■ **WORK REQUEST**:
Print all entries below exactly as they appear.

--- EXERCISE DATA Enclosed Below ---

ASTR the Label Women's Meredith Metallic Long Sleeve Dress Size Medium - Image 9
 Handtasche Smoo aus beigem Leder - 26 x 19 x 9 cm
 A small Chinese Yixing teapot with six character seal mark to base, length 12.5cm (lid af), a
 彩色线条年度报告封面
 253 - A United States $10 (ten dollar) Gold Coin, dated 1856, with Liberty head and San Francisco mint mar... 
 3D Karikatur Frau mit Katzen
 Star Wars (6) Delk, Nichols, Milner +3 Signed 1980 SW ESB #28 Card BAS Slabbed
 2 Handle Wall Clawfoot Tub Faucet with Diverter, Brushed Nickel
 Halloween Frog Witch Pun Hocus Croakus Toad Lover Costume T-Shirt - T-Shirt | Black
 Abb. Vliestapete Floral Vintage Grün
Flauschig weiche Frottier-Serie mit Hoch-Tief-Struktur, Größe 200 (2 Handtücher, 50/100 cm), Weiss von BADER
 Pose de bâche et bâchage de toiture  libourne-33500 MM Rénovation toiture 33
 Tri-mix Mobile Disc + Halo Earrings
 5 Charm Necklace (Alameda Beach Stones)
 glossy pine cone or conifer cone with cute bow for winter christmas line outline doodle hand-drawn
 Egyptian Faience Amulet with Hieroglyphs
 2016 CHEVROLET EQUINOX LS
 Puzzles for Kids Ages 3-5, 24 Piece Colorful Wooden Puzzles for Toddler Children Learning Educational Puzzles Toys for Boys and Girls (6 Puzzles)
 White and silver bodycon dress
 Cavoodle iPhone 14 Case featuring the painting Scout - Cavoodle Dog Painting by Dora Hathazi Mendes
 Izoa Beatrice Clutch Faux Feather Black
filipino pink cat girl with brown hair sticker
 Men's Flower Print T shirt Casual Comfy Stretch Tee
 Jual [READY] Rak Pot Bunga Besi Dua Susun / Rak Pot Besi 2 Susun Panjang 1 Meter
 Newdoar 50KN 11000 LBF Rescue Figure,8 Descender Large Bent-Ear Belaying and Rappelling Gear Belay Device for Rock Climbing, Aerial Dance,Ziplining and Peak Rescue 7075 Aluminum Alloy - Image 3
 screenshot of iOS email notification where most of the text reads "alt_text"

--- End of Enclosed EXERCISE DATA ---

■ **ANSWER FOR THIS EXERCISE**:
ASTR the Label Women's Meredith Metallic Long Sleeve Dress Size Medium - Image 9
 Handtasche Smoo aus beigem Leder - 26 x 19 x 9 cm
 A small Chinese Yixing teapot with six character seal mark to base, length 12.5cm (lid af), a
 彩色线条年度报告封面
 253 - A United States $10 (ten dollar) Gold Coin, dated 1856, with Liberty head and San Francisco mint mar... 
 3D Karikatur Frau mit Katzen
 Star Wars (6) Delk, Nichols, Milner +3 Signed 1980 SW ESB #28 Card BAS Slabbed
 2 Handle Wall Clawfoot Tub Faucet with Diverter, Brushed Nickel
 Halloween Frog Witch Pun Hocus Croakus Toad Lover Costume T-Shirt - T-Shirt | Black
 Abb. Vliestapete Floral Vintage Grün
Flauschig weiche Frottier-Serie mit Hoch-Tief-Struktur, Größe 200 (2 Handtücher, 50/100 cm), Weiss von BADER
 Pose de bâche et bâchage de toiture  libourne-33500 MM Rénovation toiture 33
 Tri-mix Mobile Disc + Halo Earrings
 5 Charm Necklace (Alameda Beach Stones)
 glossy pine cone or conifer cone with cute bow for winter christmas line outline doodle hand-drawn
 Egyptian Faience Amulet with Hieroglyphs
 2016 CHEVROLET EQUINOX LS
 Puzzles for Kids Ages 3-5, 24 Piece Colorful Wooden Puzzles for Toddler Children Learning Educational Puzzles Toys for Boys and Girls (6 Puzzles)
 White and silver bodycon dress
 Cavoodle iPhone 14 Case featuring the painting Scout - Cavoodle Dog Painting by Dora Hathazi Mendes
 Izoa Beatrice Clutch Faux Feather Black
filipino pink cat girl with brown hair sticker
 Men's Flower Print T shirt Casual Comfy Stretch Tee
 Jual [READY] Rak Pot Bunga Besi Dua Susun / Rak Pot Besi 2 Susun Panjang 1 Meter
 Newdoar 50KN 11000 LBF Rescue Figure,8 Descender Large Bent-Ear Belaying and Rappelling Gear Belay Device for Rock Climbing, Aerial Dance,Ziplining and Peak Rescue 7075 Aluminum Alloy - Image 3
 screenshot of iOS email notification where most of the text reads "alt_text"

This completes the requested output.